Suppose f is a modular cusp form of weight 2k. I want to show that $a_n=O(n^k)$ where $f(s)=\sum_{n=1}^\infty a_ne^{2\pi ins}$
I was reading through the proof of the statement in the following link(Theorem 1.3):
https://www2.math.ethz.ch/education/bachelor/seminars/ws0607/modular-forms/Dirichlet_Series.pdf
However, I came across the following statement in the proof:
Here $\phi(x)$ is a function defined on the upper half plane with $f$ being the modular function and $Im(s)=y$. The condition that $\phi(x)\rightarrow 0$ as $y\rightarrow 0$ only implies that $\phi(x)$ is bounded for some $y>y_0$. How does that translate to $\phi$ being bounded on the entire half plane?
Edit:
Hecke Bound for Cusp – Modular Forms
The link provides a lemma which states that $\phi(s)$ is in variant under the action of $\gamma \in SL_2(\mathbb Z)$.
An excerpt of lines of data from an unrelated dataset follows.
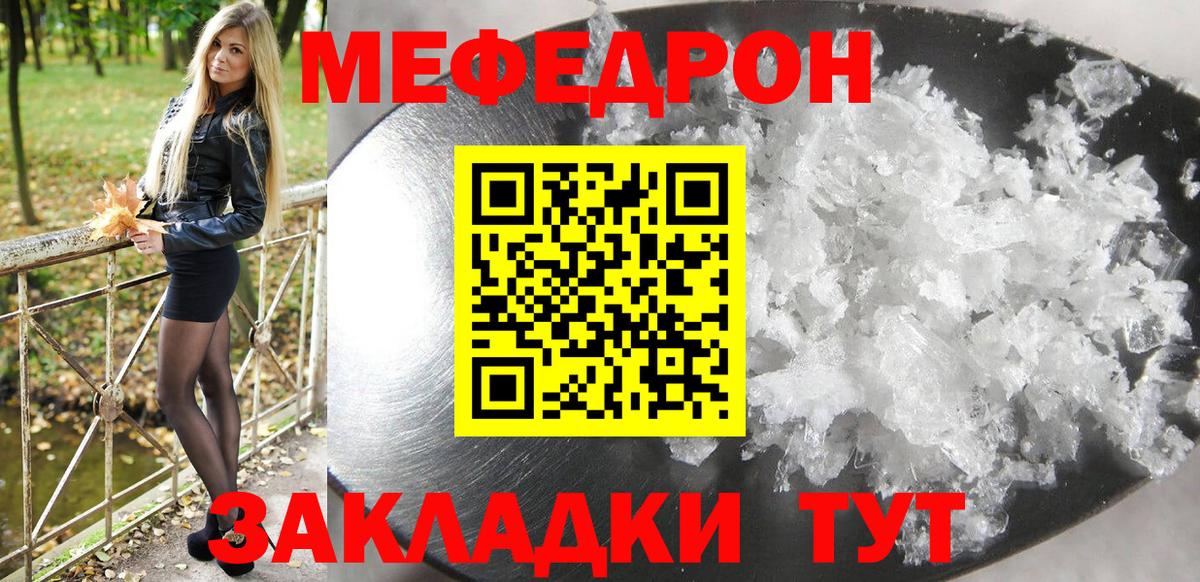Меф Феодосия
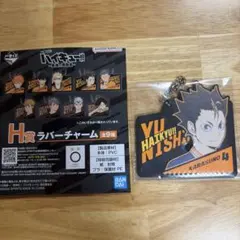 ハイキュー　一番くじ　最強の挑戦者　H賞　ラバーチャーム　西谷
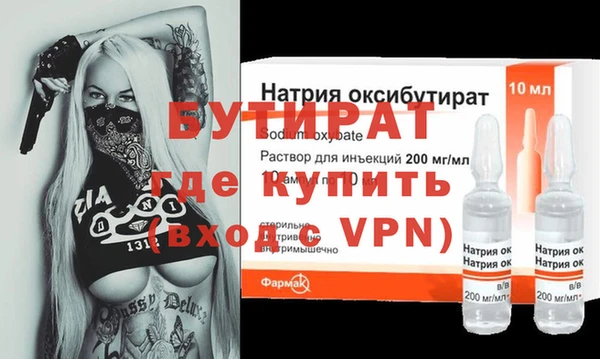 индика Баксан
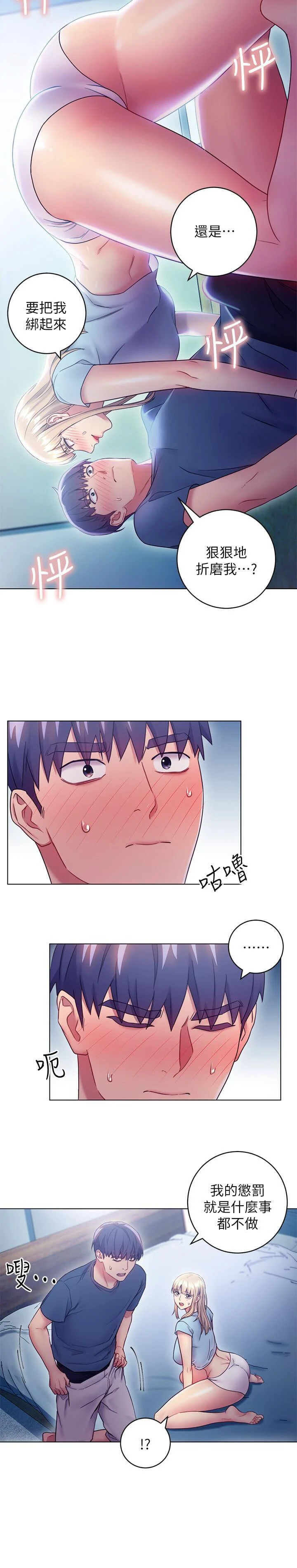 第 7 张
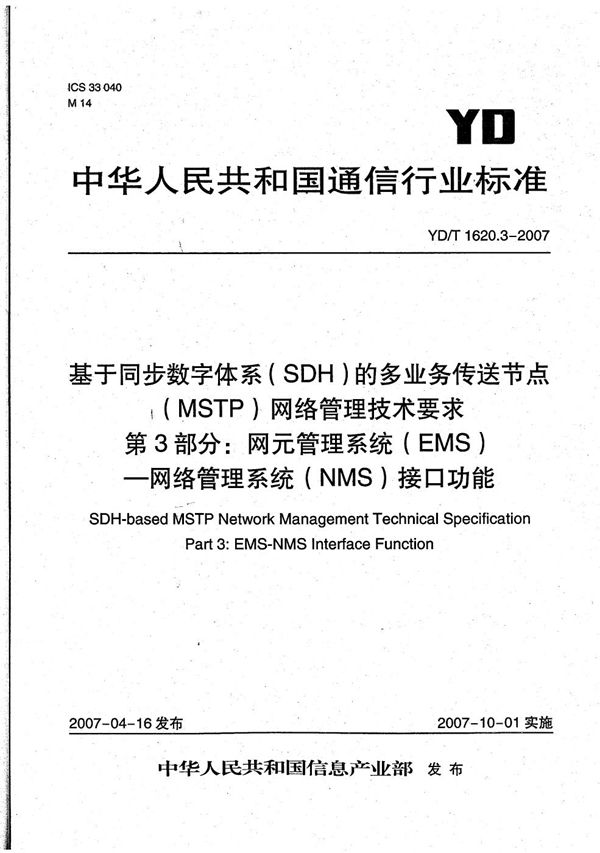 YD/T 1620.3-2007 基于同步数字体系(SDH)的多业务传送节点(MSTP)网络管理技术要求 第3部分:网元管理系统(EMS)—网络管理系统(NMS)接口功能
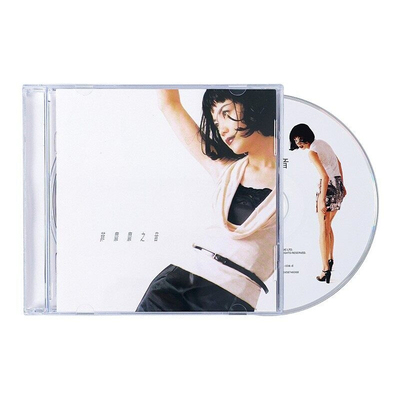 原装正版 王菲专辑 菲靡靡之音/天空 cd唱片 经典歌曲流行音乐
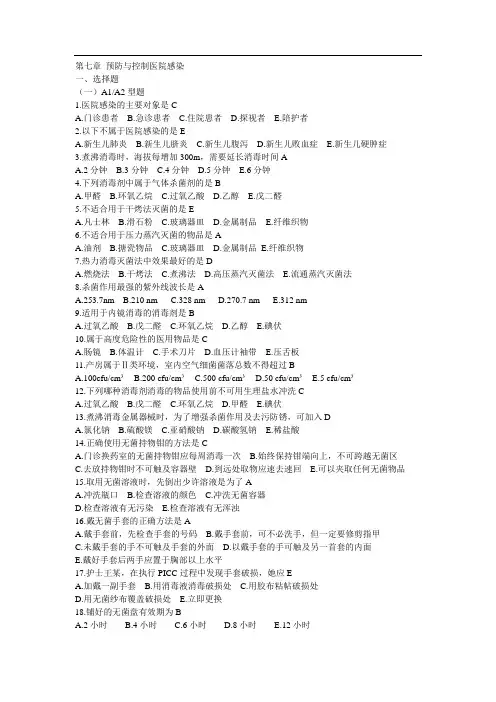 第七章-预防与控制医院感染带答案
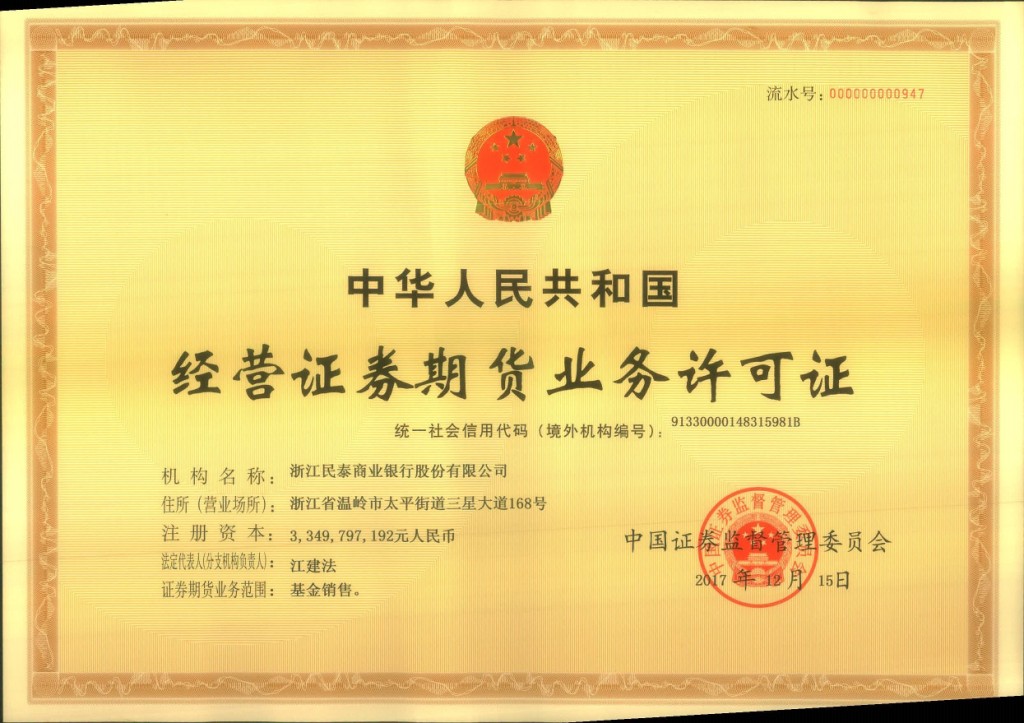证券二级证(二级证劵市场)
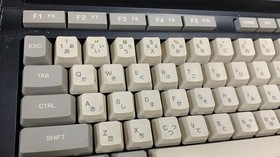 Sony HB-F5 MSX2 HIT BIT Vintage 8bit Computer Well maintained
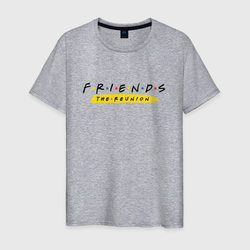 Friends the reunion – Мужская футболка хлопок с принтом купить со скидкой в -20%
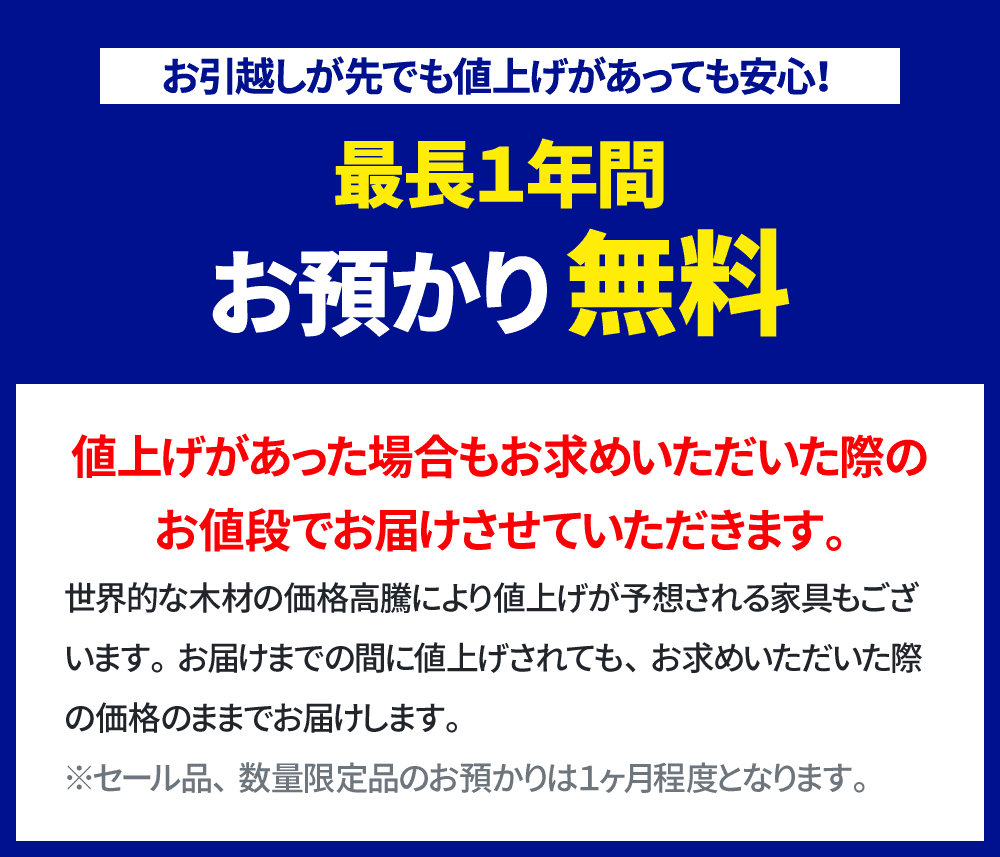 最長1年間お預かり無料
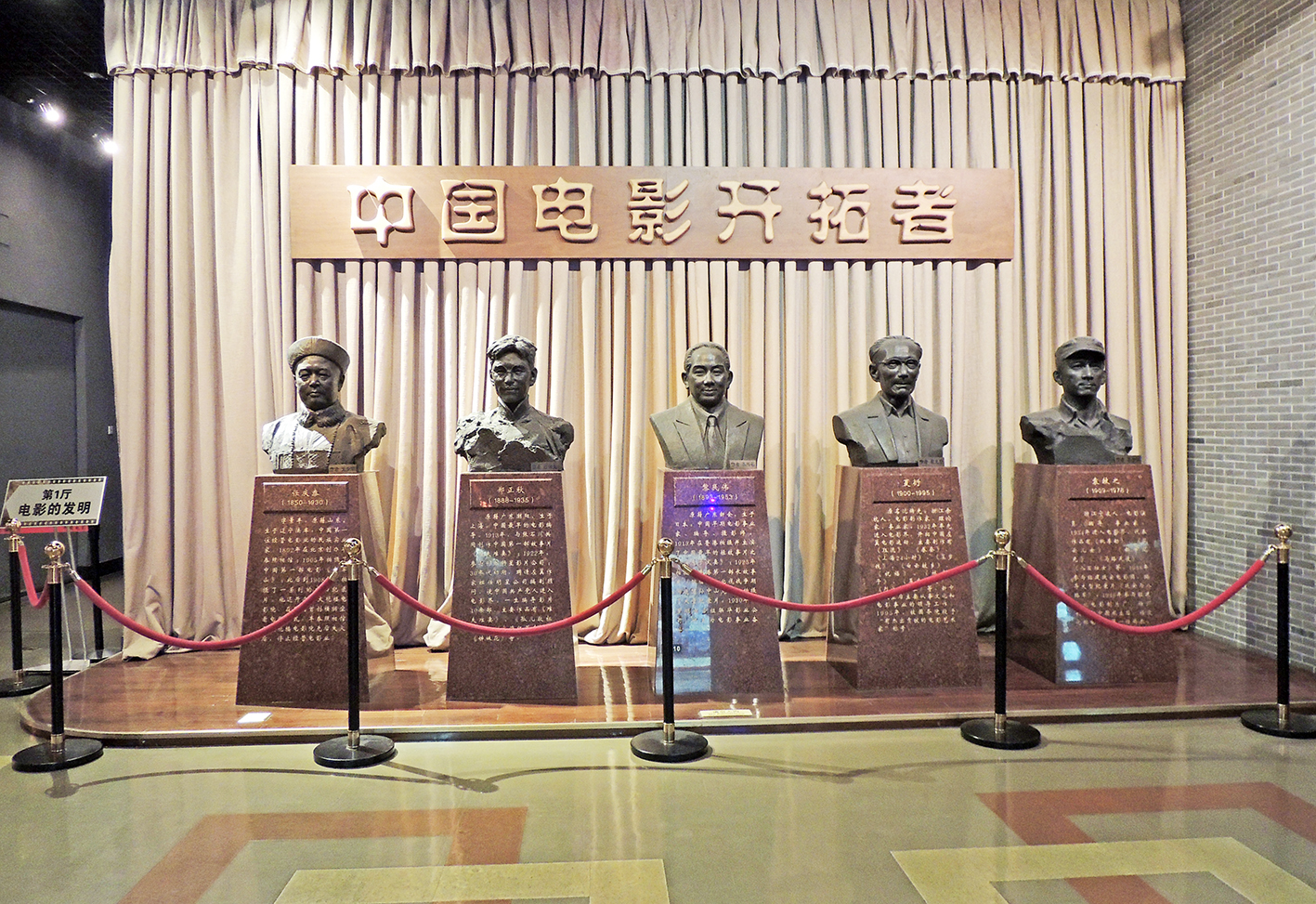  p>中国电影博物馆 i>(china national film museum) /i>,位于 a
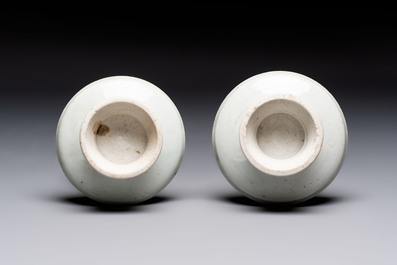 A pair of white-glazed oil lamps, a Longquan celadon vase and Yaozhou celadon box and cover, Ming/Qing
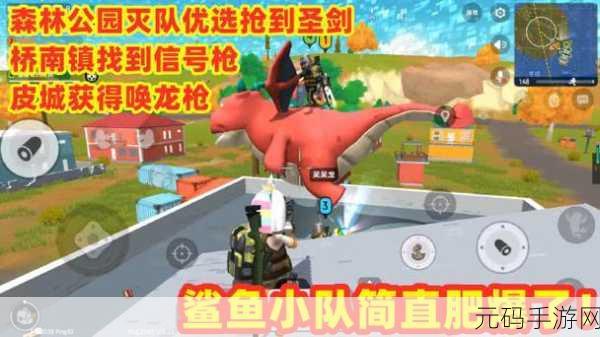 香肠派对先行服震撼登场,卡通吃鸡,竞技冒险新纪元!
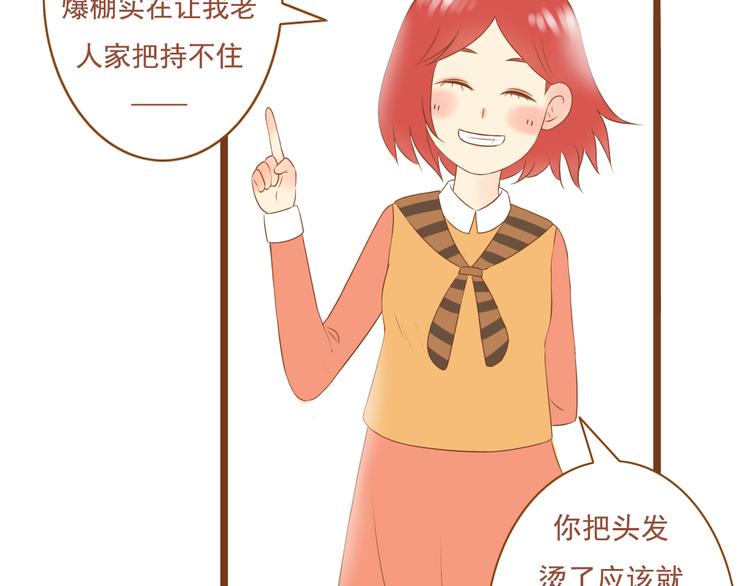 《与理科男的恋爱》第36话 阻止女生唠叨的方法 第5页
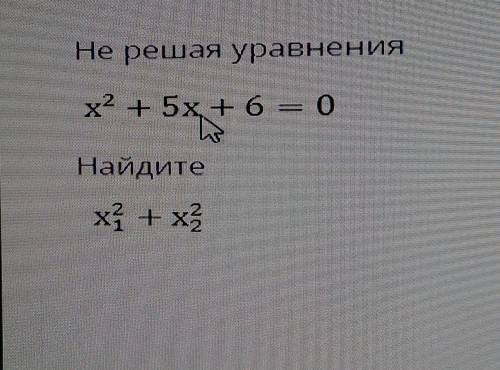 надо очень Мне нужна ваша А то меня наругают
I think this means if we can find a $\gamma$ that acts by moving up every element in the half plane we are done. So does anyone have such a $\gamma$ in mind?
Best Answer
For $\gamma\in SL_2(\Bbb{R})$,$$ \Im(\gamma(z))=|cz+d|^{-2}\Im(z)$$
Thus if $f\in M_k(\Gamma)$ then $$\phi(z)=|f(z)|\Im(z)^{k/2}$$ satisfies $$\forall \gamma\in \Gamma,\qquad \phi(\gamma(z))= \phi(z)$$ Whence it suffices that $\phi$ is bounded at the finitely many cusps (which happens when $f$ is a cusp form) to get that it is bounded everywhere.